Opinion
2011-12-15
Stephen M. Hudspeth, New York, for petitioner. Eric T. Schneiderman, Attorney General, New York (Laura R. Johnson of counsel), for State respondents.
Stephen M. Hudspeth, New York, for petitioner. Eric T. Schneiderman, Attorney General, New York (Laura R. Johnson of counsel), for State respondents. Michael A. Cardozo, Corporation Counsel, New York (Susan Paulson of counsel), for City respondent.SAXE, J.P., SWEENY, ACOSTA, DeGRASSE, ABDUS–SALAAM, JJ.
Determination of respondent New York State Office of Children and Family Services (OCFS), dated December 5, 2008, which, after a fair hearing, denied petitioner's request to have sealed and marked unfounded, a report to respondent New York State Central Register of Child Abuse and Maltreatment that she had maltreated two of her former foster children, unanimously confirmed, the petition denied and the proceeding brought pursuant to CPLR article 78 (transferred to this Court by order of Supreme Court, New York County [Marylin G. Diamond, J.], entered November 30, 2010), dismissed, without costs.
“A report of child abuse or maltreatment must be established, at an administrative expungement hearing, by a fair preponderance of the evidence ( Matter of Lee TT. v. Dowling, 87 N.Y.2d 699, 703, 642 N.Y.S.2d 181, 664 N.E.2d 1243 [1996] ). Upon judicial review, the inquiry is limited to whether the administrative determination is supported by substantial evidence in the record” ( Matter of Valentine v. New York State Cent. Register of Child Abusers & Maltreatment, 37 A.D.3d 249, 249–250, 830 N.Y.S.2d 83 [2007] ).

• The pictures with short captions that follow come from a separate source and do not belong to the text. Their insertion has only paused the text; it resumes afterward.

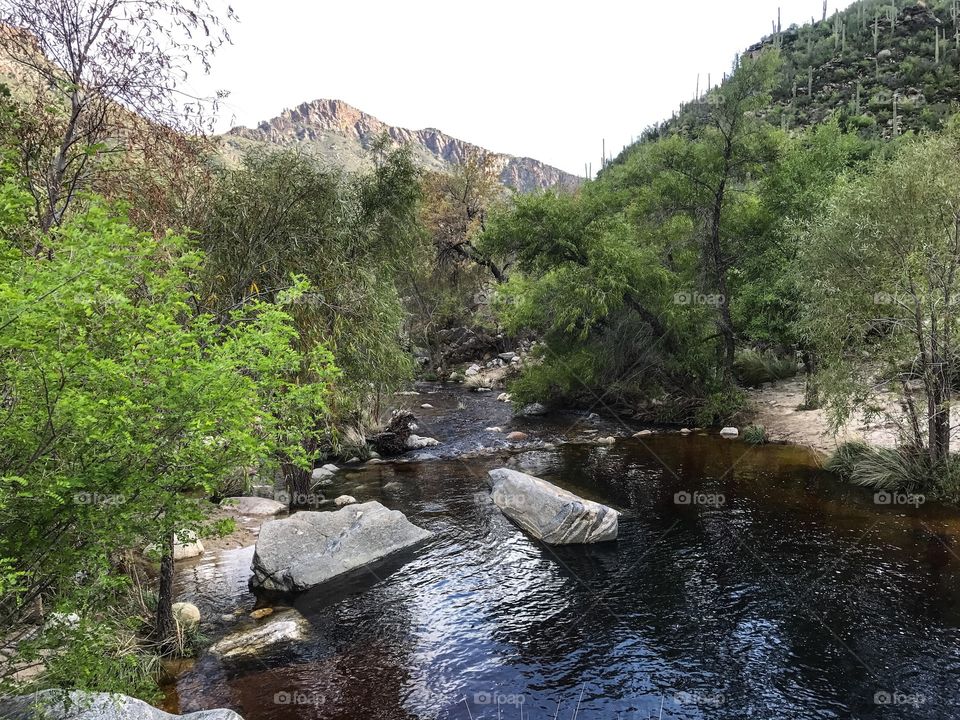 Nature Mountain Landscape - Sabino Canyon in Tucson, Arizona 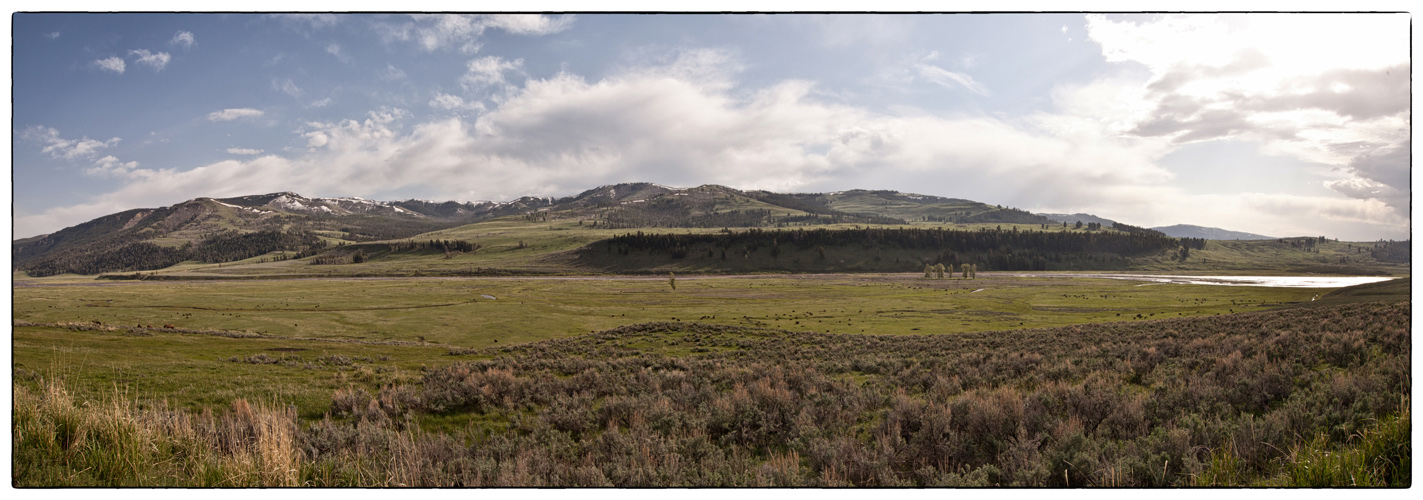 Lamar Valley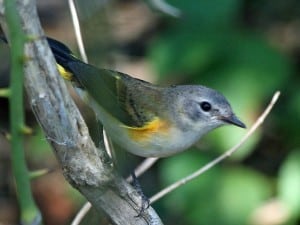 American Redstart 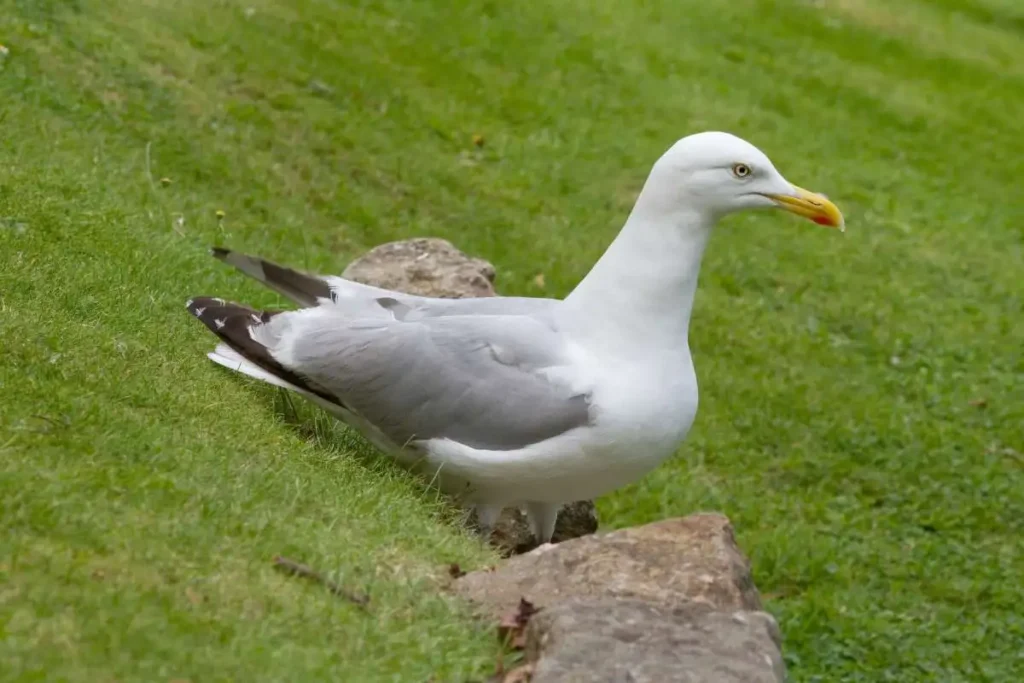 European herring gull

Here, OCFS' determination that respondent New York City Administration for Children's Services (ACS) proved by a fair preponderance of the evidence that petitioner had maltreated two of her former foster children, is supported by substantial evidence. The record demonstrates that one child's account was corroborated by the other child ( see id. at 250, 830 N.Y.S.2d 83). The fact that ACS' case consisted entirely of hearsay, whereas petitioner testified, does not preclude OCFS' determination from being supported by substantial evidence ( see id.; see also Matter of Khalil v. New York State Cent. Register of Child Abuse & Mistreatment, 292 A.D.2d 208, 738 N.Y.S.2d 563 [2002] ).
Petitioner testified at the fair hearing that she had no interest in being a foster parent again. Furthermore, the foster children at issue have been adopted by someone other than petitioner, the adoptions have been finalized by a court, and petitioner is not challenging them. Therefore, she has not satisfied the “stigma plus” test set forth in Matter of Lee TT. v. Dowling ( see 87 N.Y.2d at 708–709, 642 N.Y.S.2d 181, 664 N.E.2d 1243). Even assuming that petitioner had an interest of constitutional magnitude, reliance on hearsay—even double hearsay—does not violate due process ( see Matter of Bauer v. New York State Off. of Children & Family Servs., Bur. of Early Childhood Servs., 55 A.D.3d 421, 422, 866 N.Y.S.2d 626 [2008]; Matter of Pluta v. New York State Off. of Children & Family Servs., 17 A.D.3d 1126, 1127, 794 N.Y.S.2d 261 [2005], lv. denied 5 N.Y.3d 715, 806 N.Y.S.2d 166, 840 N.E.2d 135 [2005] ).